> [The problem]: Write out exactly the lines running from the one with "81 class grian train" to the end of the data, including both of those lines and excluding pictures.

> [Records shown]:
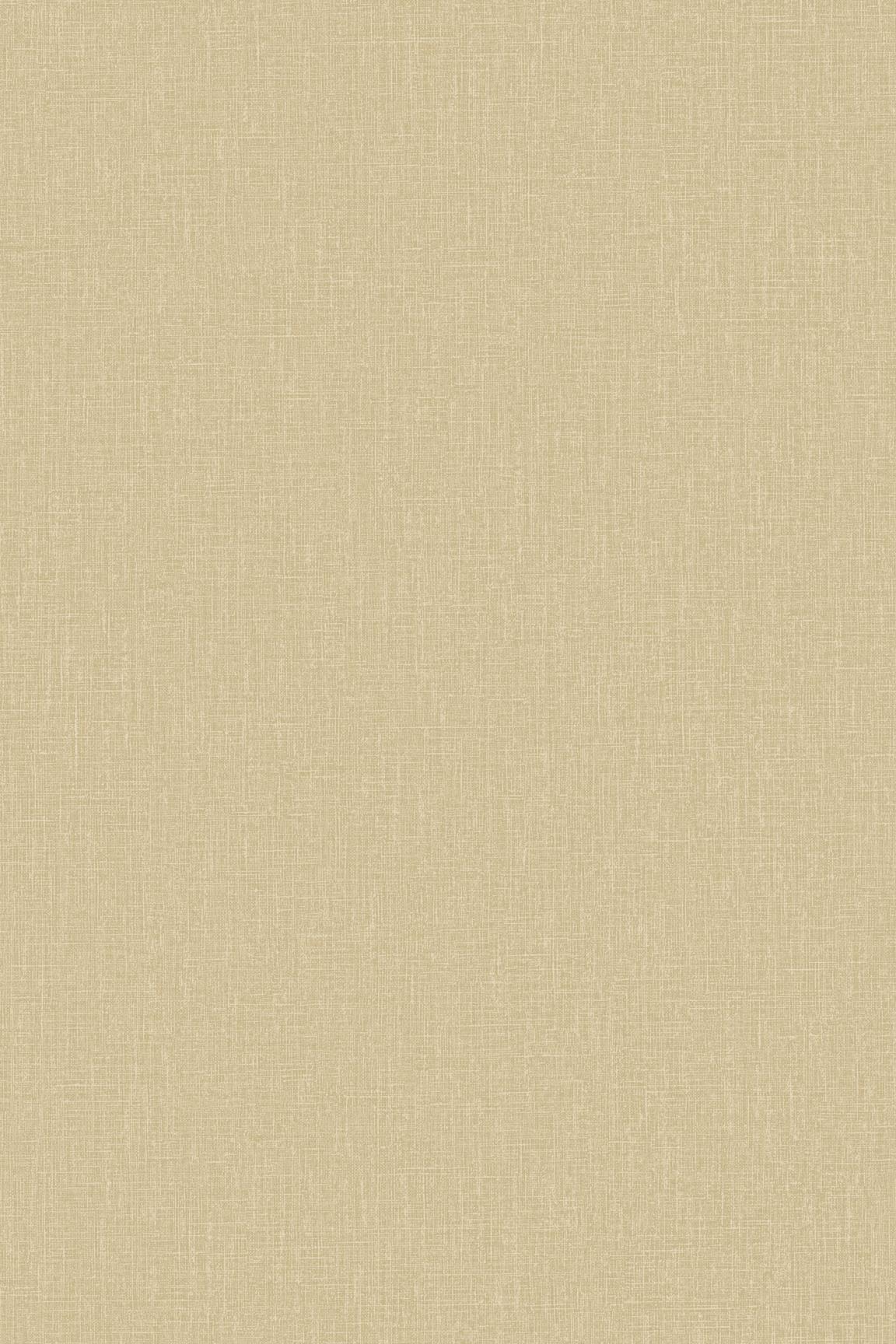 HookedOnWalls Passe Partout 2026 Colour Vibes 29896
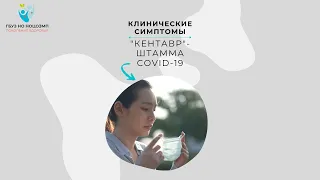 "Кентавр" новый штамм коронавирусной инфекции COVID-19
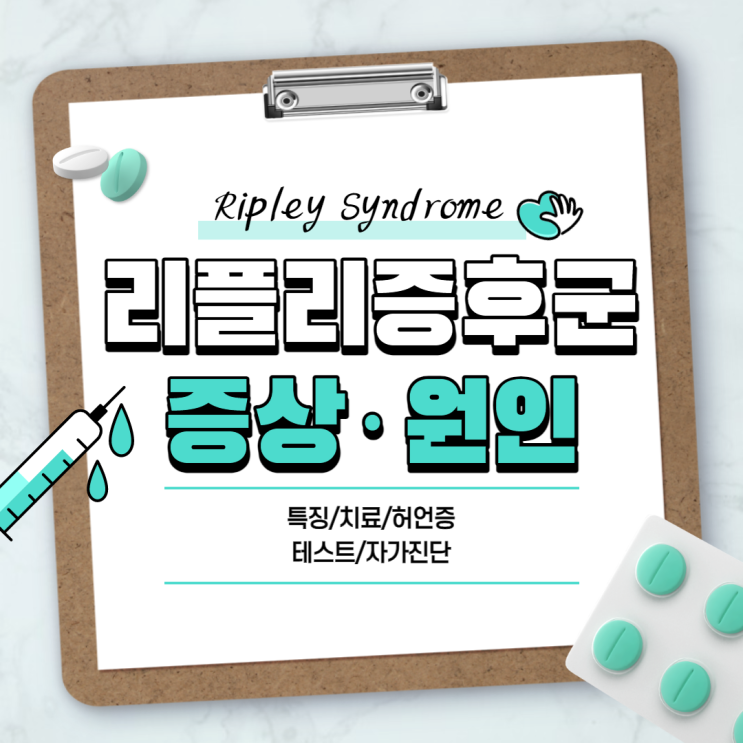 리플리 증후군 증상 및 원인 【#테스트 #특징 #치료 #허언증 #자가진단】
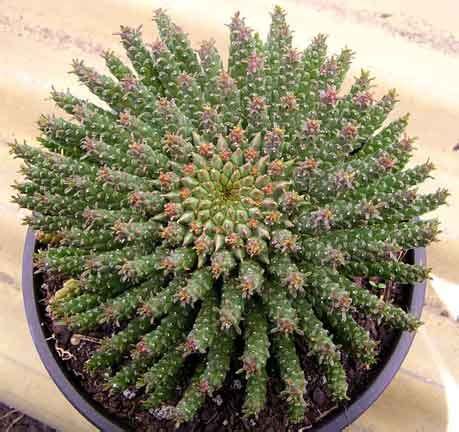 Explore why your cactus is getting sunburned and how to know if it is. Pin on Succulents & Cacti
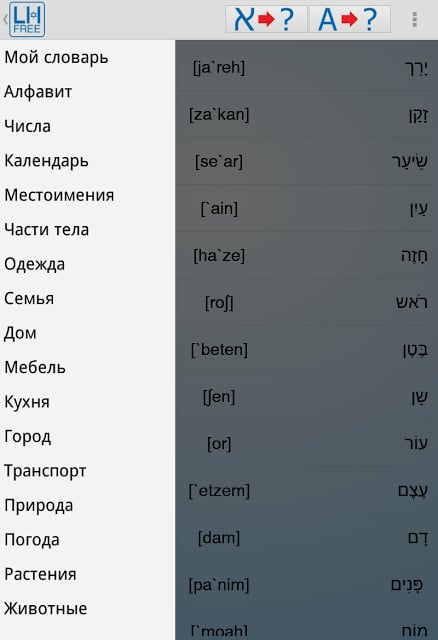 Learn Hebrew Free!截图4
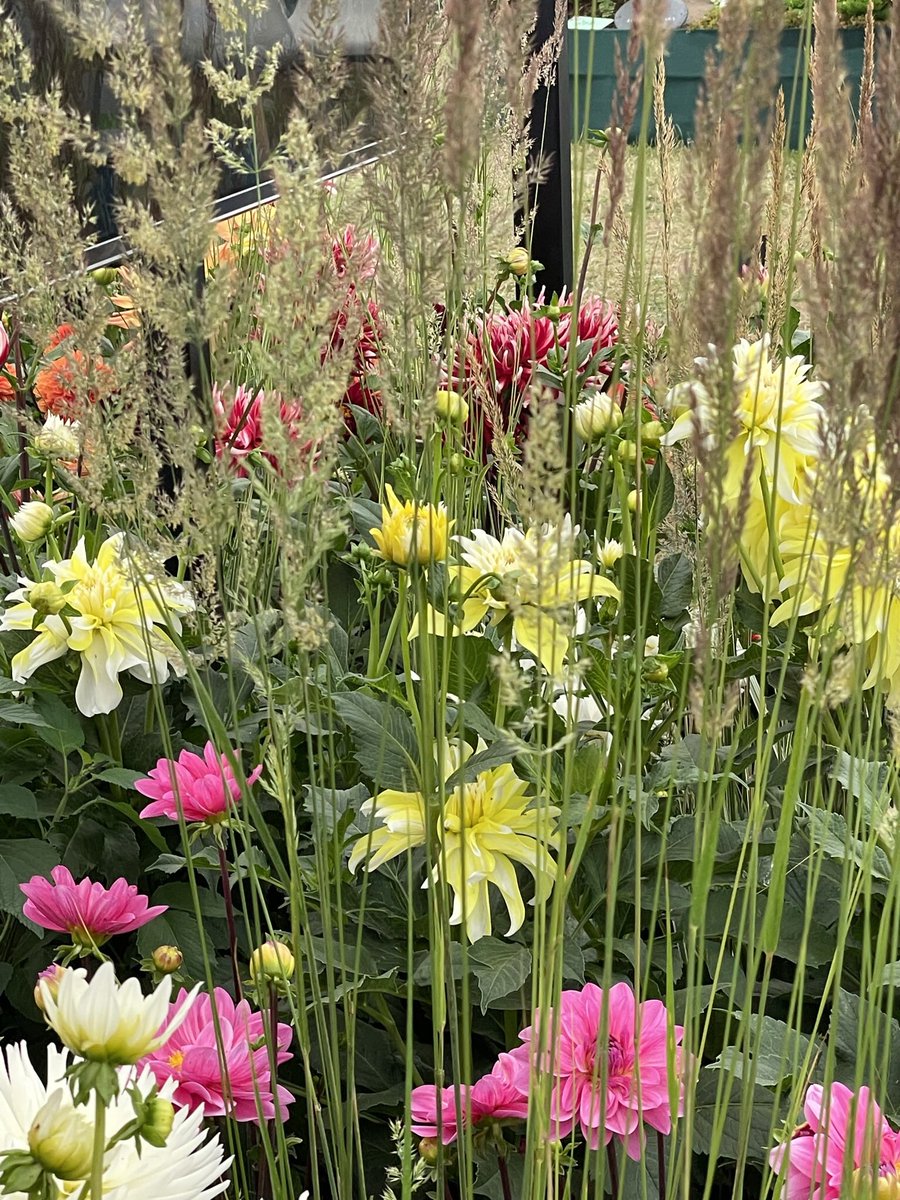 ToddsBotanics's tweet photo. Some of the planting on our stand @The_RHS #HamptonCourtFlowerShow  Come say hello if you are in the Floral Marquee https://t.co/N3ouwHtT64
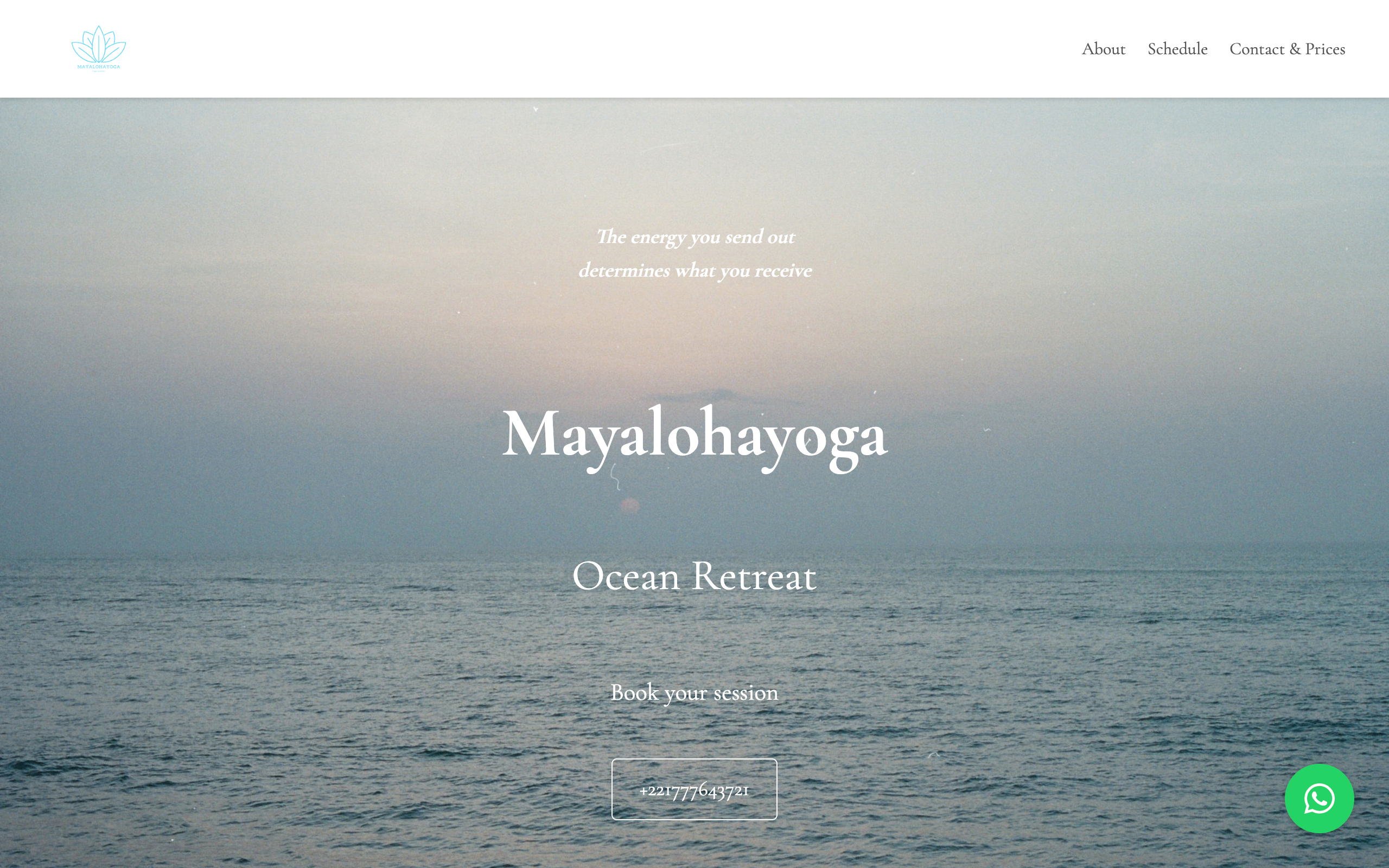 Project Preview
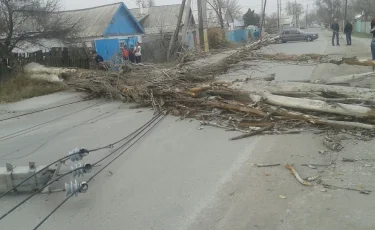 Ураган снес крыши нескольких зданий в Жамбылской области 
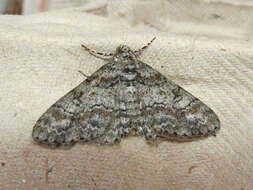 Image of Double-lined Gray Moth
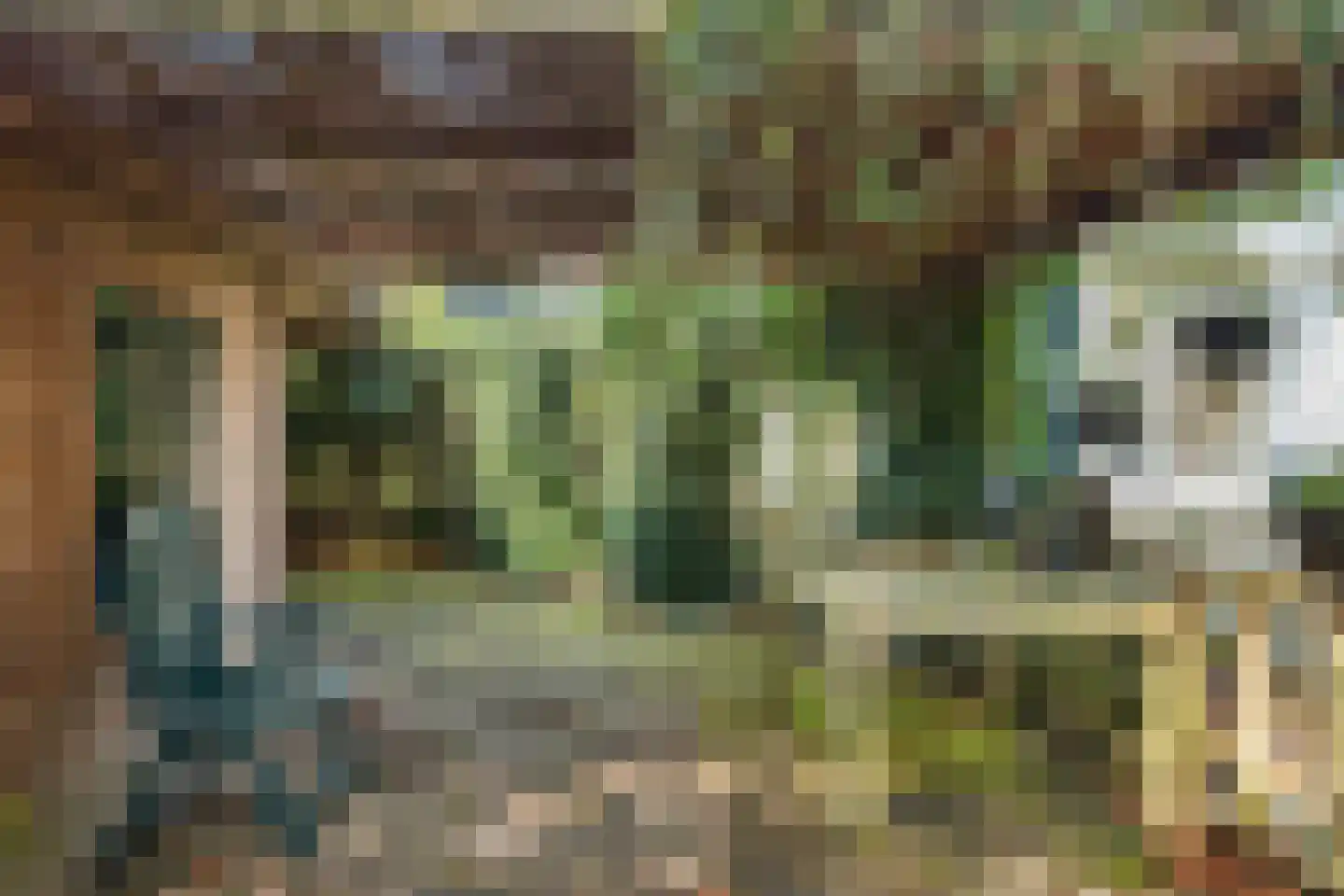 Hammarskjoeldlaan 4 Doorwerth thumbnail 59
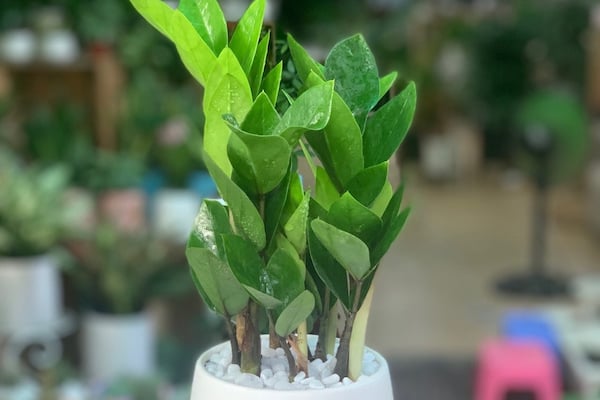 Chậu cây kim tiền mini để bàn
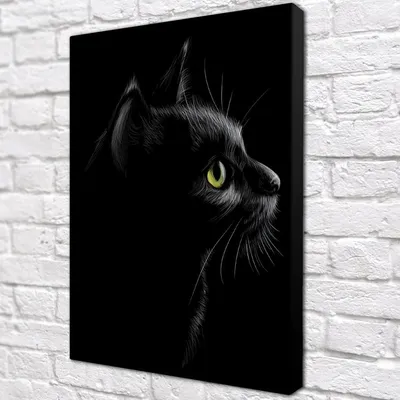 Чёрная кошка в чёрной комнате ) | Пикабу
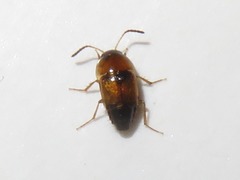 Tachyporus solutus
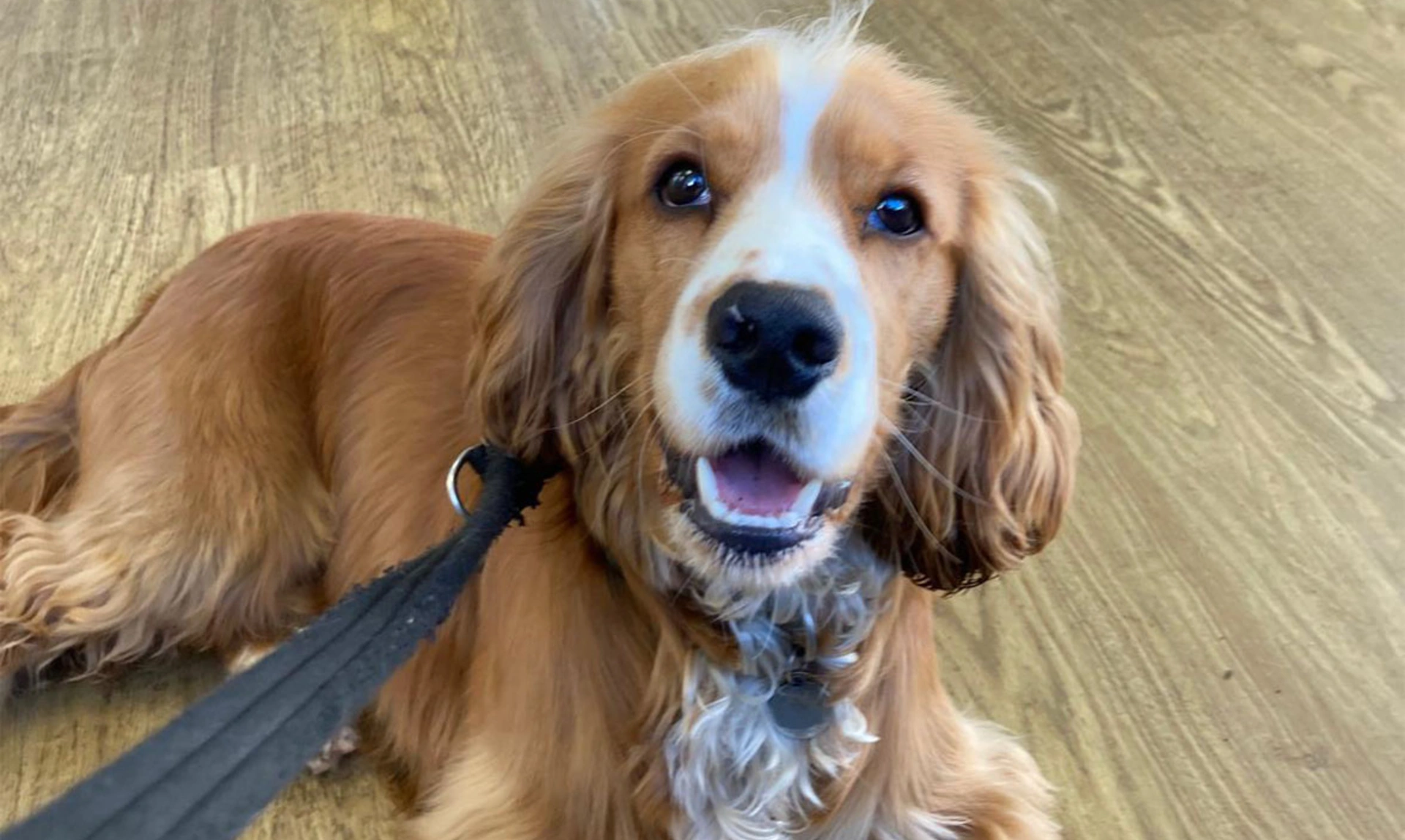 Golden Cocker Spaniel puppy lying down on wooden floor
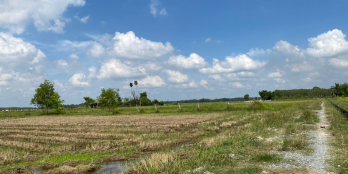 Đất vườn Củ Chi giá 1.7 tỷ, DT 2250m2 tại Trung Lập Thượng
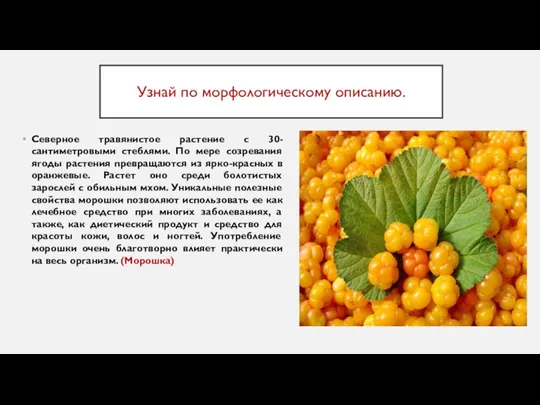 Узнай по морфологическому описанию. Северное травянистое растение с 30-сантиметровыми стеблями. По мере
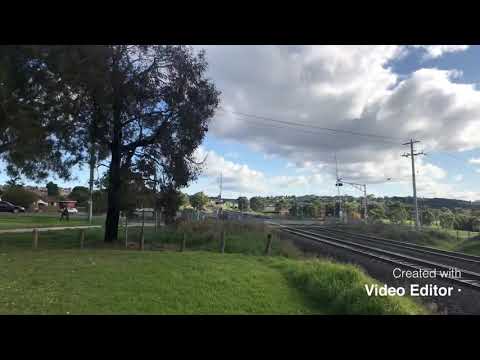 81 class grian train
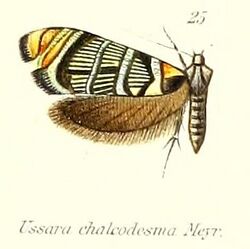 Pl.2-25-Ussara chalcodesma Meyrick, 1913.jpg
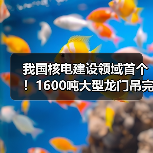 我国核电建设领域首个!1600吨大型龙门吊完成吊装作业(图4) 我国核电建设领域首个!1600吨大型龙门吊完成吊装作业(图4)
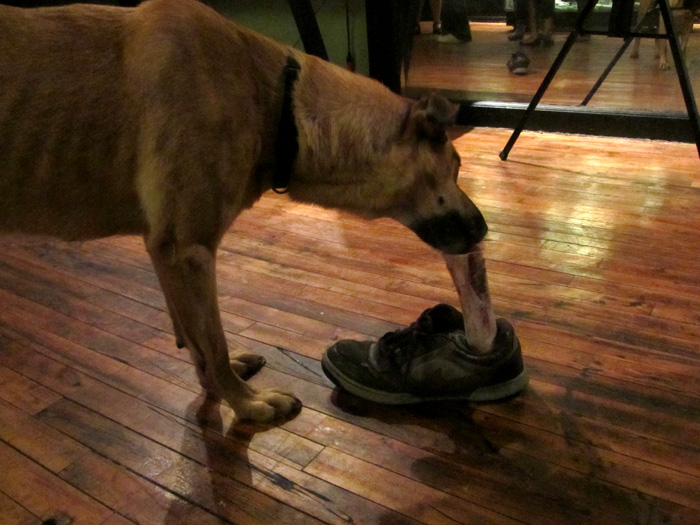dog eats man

> [Task result]:
 81 class grian train
 Pl.2-25-Ussara chalcodesma Meyrick, 1913.jpg
 我国核电建设领域首个!1600吨大型龙门吊完成吊装作业(图4) 我国核电建设领域首个!1600吨大型龙门吊完成吊装作业(图4)
dog eats man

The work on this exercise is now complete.